§ Action item: Reproduce verbatim all of the data given below, but do not carry over the images.

(Data begins)

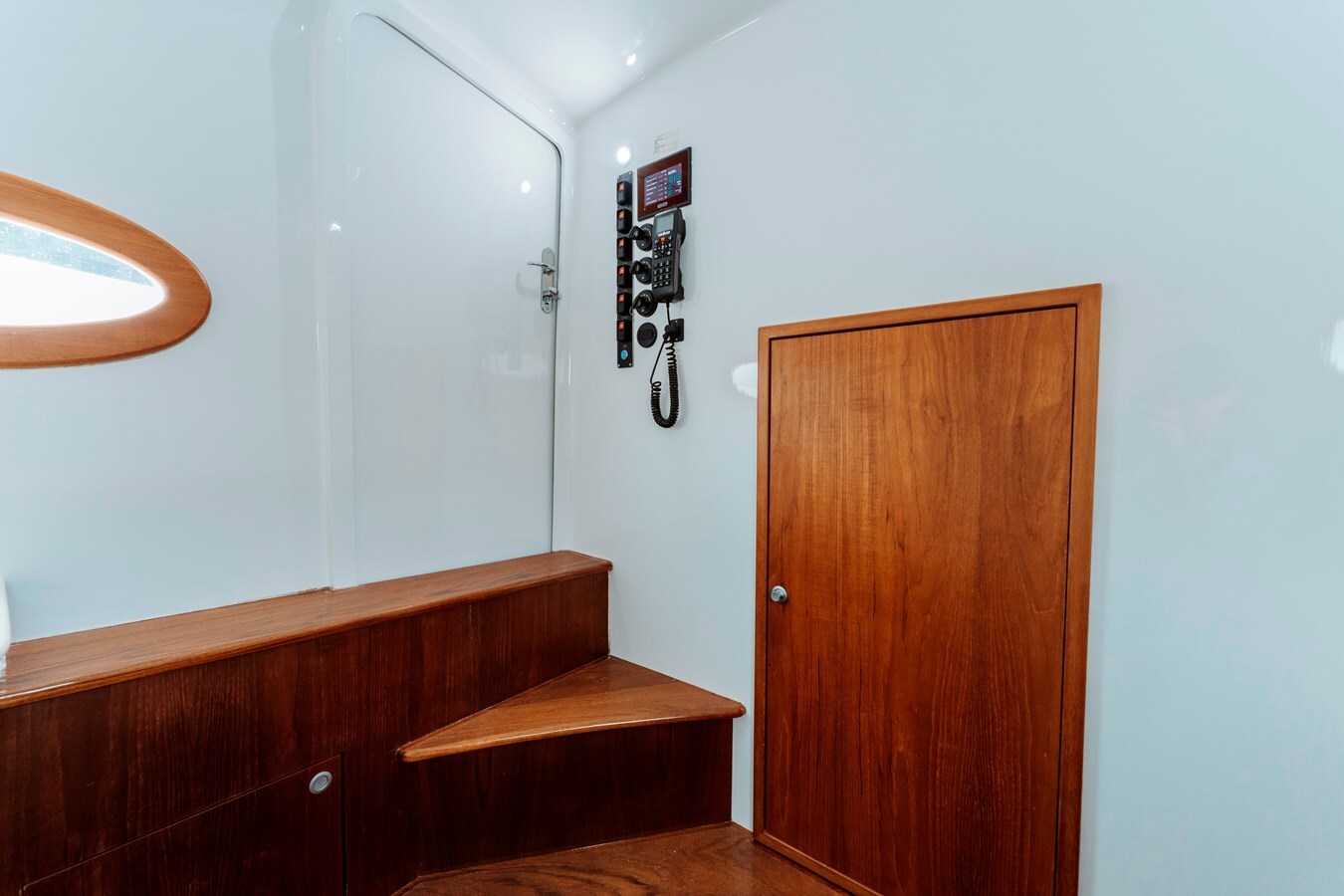 2018-winter-custom-yachts-37-5e8ed8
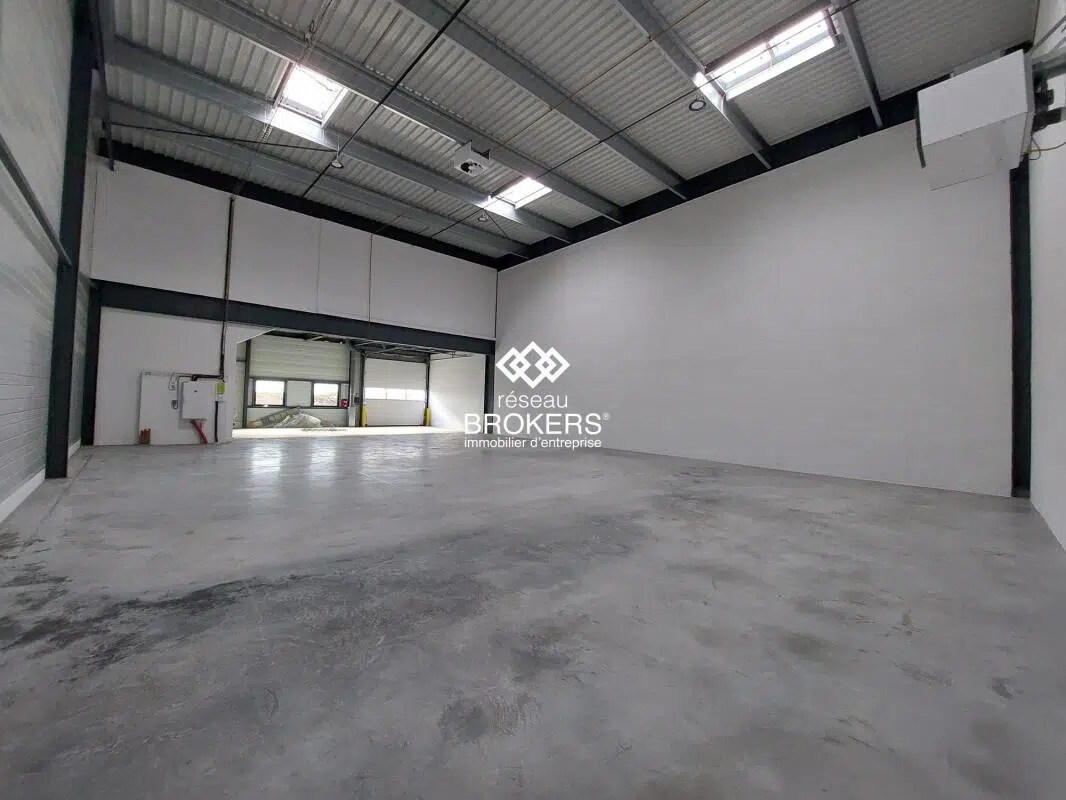 Office in Corbeil-Essonnes for lease Building Photo- Image 1 of 15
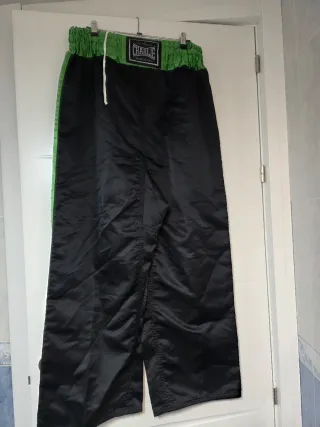 Lote Kick Boxing/Boxeo: Guantes y Protecciones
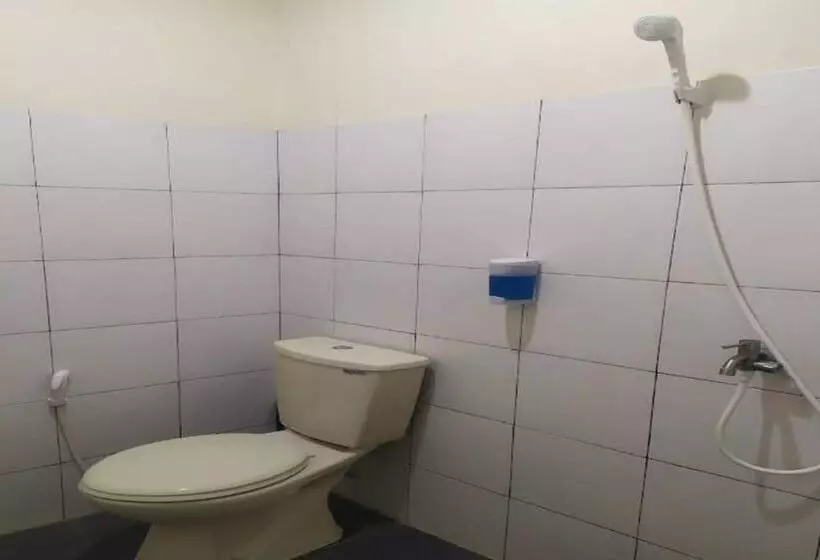 ホテル Oyo 93246 Kanditha Homestay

(Data ends)

§ Result of the exercise:
 2018-winter-custom-yachts-37-5e8ed8
 Office in Corbeil-Essonnes for lease Building Photo- Image 1 of 15
 Lote Kick Boxing/Boxeo: Guantes y Protecciones
 ホテル Oyo 93246 Kanditha Homestay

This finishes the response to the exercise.